In addition, the semantics of macros are changed so that the production of a macro is deeply evaluated as a parse tree, in exactly the same way that the parse tree object returned by a macro is converted to a parse tree. Currently, the production is only evaluated one level deep, since we only need to inspect the top-level grammar symbols to generate the new grammar rule. This change is motivated by the fact that the conversion from object to parse tree (the parse-tree predicate) now has very obvious side-effects in the form of ! evaluations, and these side-effects should be handled consistently everywhere the parse tree protocol is used. The truth is, though, that this conversion has always had side-effects, since it involves sending a message to the parse tree object. By convention, the parse tree object's method handler usually has no side-effects, but this is not required. Thus, this is more of a regression fix than a fundamental change.

No more run-time

Untether expressions give the user full control over when code is evaluated, which means we no longer need separate parsing and interpreting steps. The semantics of an entire bl:mp program are changed so that the result of evaluating a bl:mp program is not a value plus side-effects; instead it is simply the side-effects of parsing the program. It falls to the user to wrap the top-level parse tree with an untether operator in order to force the program to execute.

In a sense, we are not adding an entirely new feature with this proposal. We are taking an existing feature (the ability to execute bl:mp code) and making it more general, extensible, and explicit by giving it first-class syntax.

Prelude

For convenience, since bl:mp programs are no longer executed after parsing, the bootstrap prelude is modified and extended to wrap the top-level expression in an untether, so that the bl:mp program is actually executed. This ensures that the user does not have to think about manually executing their program whenever the bootstrap prelude is implicitly included (i.e. the default interpreter mode).

The bootstrap prelude should also add a parse-time macro expression to the core language, which expands to a run-time macro wrapped in a !.

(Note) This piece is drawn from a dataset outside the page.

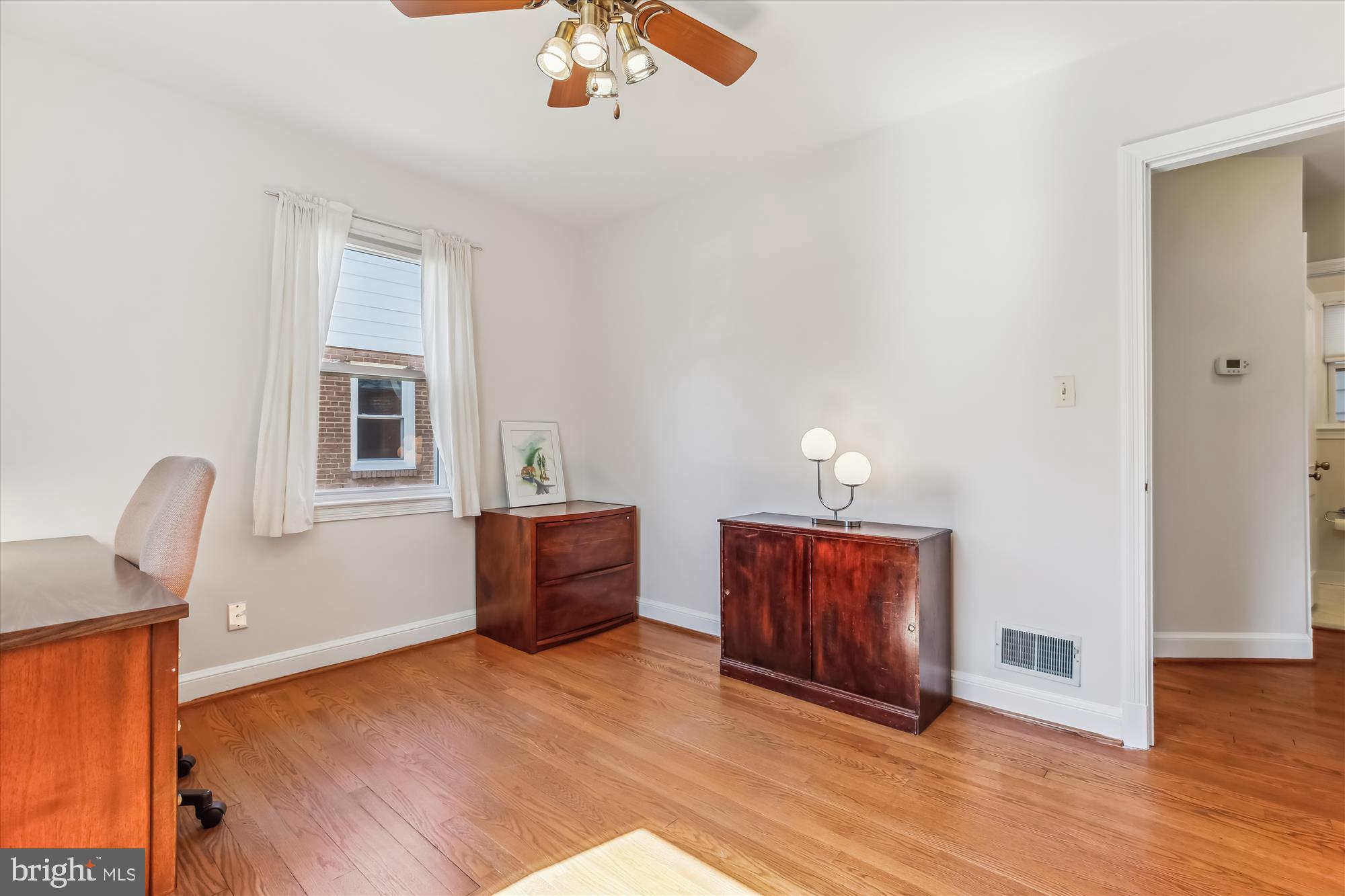 1711 Cody Drive Silver Spring, MD 20902 - Photo 28 of 50 a room with furniture and wooden floor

An untether is used to evaluate the std prelude when it is imported, which ensures that it will always be fully imported whenever it is fully parsed. In other words, the expansion of standard macros can assume that std is imported, and do away with the __std_imported complexity that is currently in macro.bli.

Technical Details

`component:parser`

The new parse tree structure no longer requires a union to represent different structures for terminals and non-terminals. (In a way, the removal of a union from the core interpreter is a good argument for the improved simplicity of the new parse tree protocol). We should now be able to represent the ParseTree data type with a unified structure, containing:

An Object representing the symbol of the parse tree
A GrammarSymbol, which is the parser's interpretation of that symbol (e.g. it's unique numeric code, and whether it is a terminal)
A (possibly empty) sequence of sub-trees

The GrammarSymbol is necessary only for reparsing, so eventually it should be removed, leaving the ParseTree struct very simple indeed.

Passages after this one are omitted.